What they said when the Honda Jazz was new… (Jan 31 2002)

HONDA has distanced itself from the opposition with the arrival of snazzy small car the Jazz.

To most of us this appears to be yet another supermini to take on the likes of the Ford Fiesta, VW Polo, Citroen C3 and others. But the Japanese producer is confident that courtesy of some unique features, the new baby has no direct competitors.

Cornerstone of the Jazz is something they label "intelligent space" and, as if to underline this belief, the press presentation featured 18 catsuit-clad contortionists squeezing into the car to set a claimed new world record.

So what's the deal with this clever space caper? The trick is that Jazz is actually the world's first production car with a central fuel tank, which sits beneath the front seats.

And before you say "that sounds rather dodgy", well Honda assures me that the car's layout provides a very rigid body with "complete perimeter protection". The fuel tank is, they say, in the safest possible location.

Upshot of this is sufficient room for Honda's piece de resistance, the Magic Seat. And it's a slick piece of wizardry too. Considering this is after all a supermini, the flexibility is terrific.

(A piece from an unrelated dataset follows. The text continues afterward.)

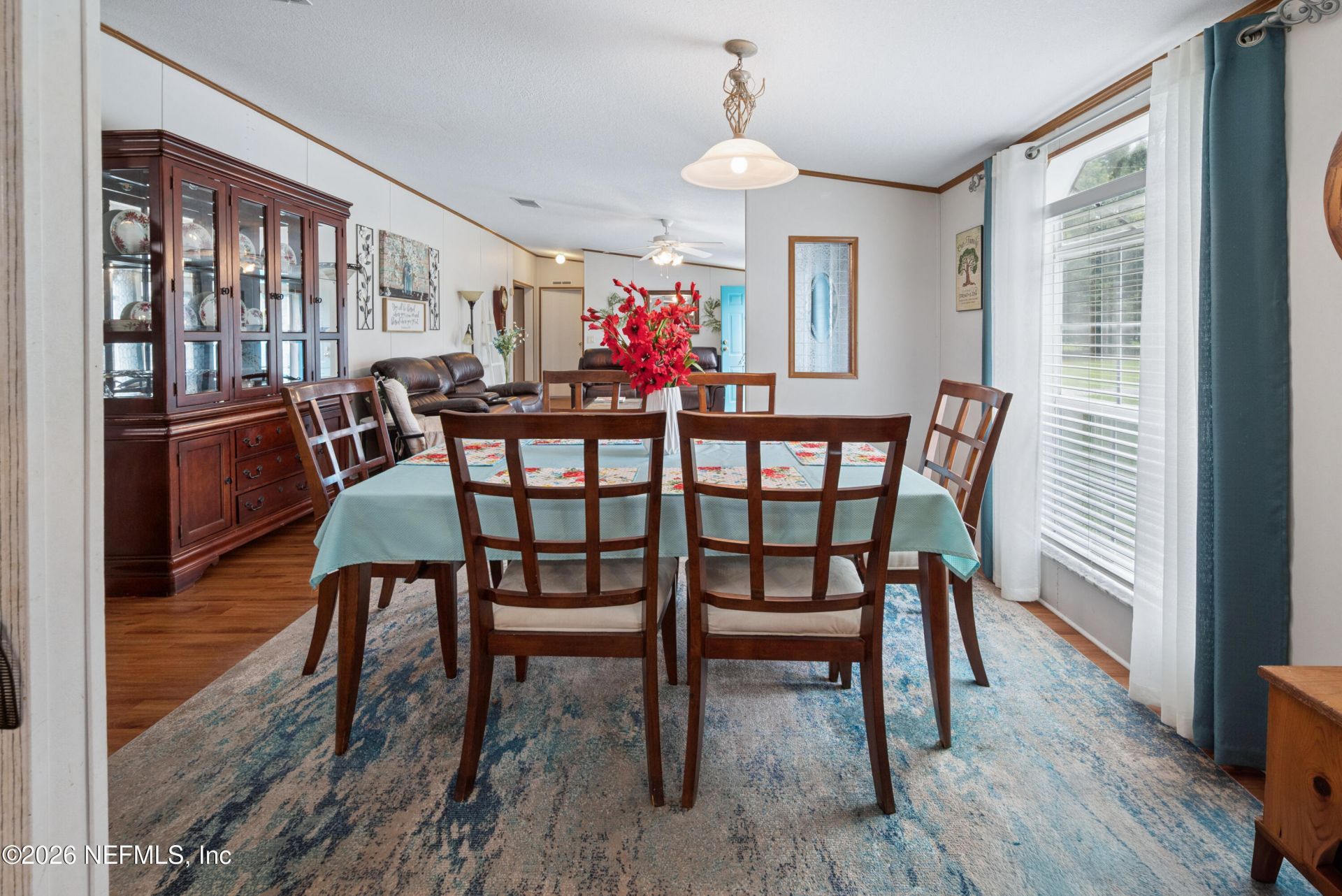 795 SE Bald Eagle Loop, Lake City, FL 32025 Photo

For starters, the back seats don't sit on the floor like in most cars, so you can actually stow stuff underneath them. Three easy steps allow you to collapse either section completely into the footwell to boost boot size, and should you want to load items like large plants betrween front and back then the rear cushions just flip up cinema style. Even then the boot space is streets ahead of other cars in the segment. Very versatile.

Right, so the Jazz is more Tardis than car, but how does it perform on the road, and what chance does it have of success in the UK?

As to the latter, Honda expects to sell 13,000 this year and believes demand will exceed supply. Drive the car and you can understand the optimism. At its heart lies a new 83bhp 1.4 litre petrol engine called i-DSI (dual and sequential ignition).

Wheras the recently introduced i-VTEC engines of the Stream and Civic Type-R models have been designed for a balance between performance and efficiency, the type of powerplant in the Jazz targets the ultimate degree of fuel economy. This one is a twin spark unit with compact combustion chambers delivering rather average acceleration of 0-62 in 12 seconds but an outstanding fuel figure of a Combined 49.6 miles per gallon.

Only five-door models will be imported from Honda's Suzuka plant in Japan and, initially, a five-speed manual gearbox is the only transmission, though a seven- speed CVT auto version is planned for the autumn.

The Jazz is at its best in urban territory, the sort of habitat where most of its time will be spent. In common with most Hondas it drives nicely, has light steering and feels well damped, though motorway refinement is not a strong point.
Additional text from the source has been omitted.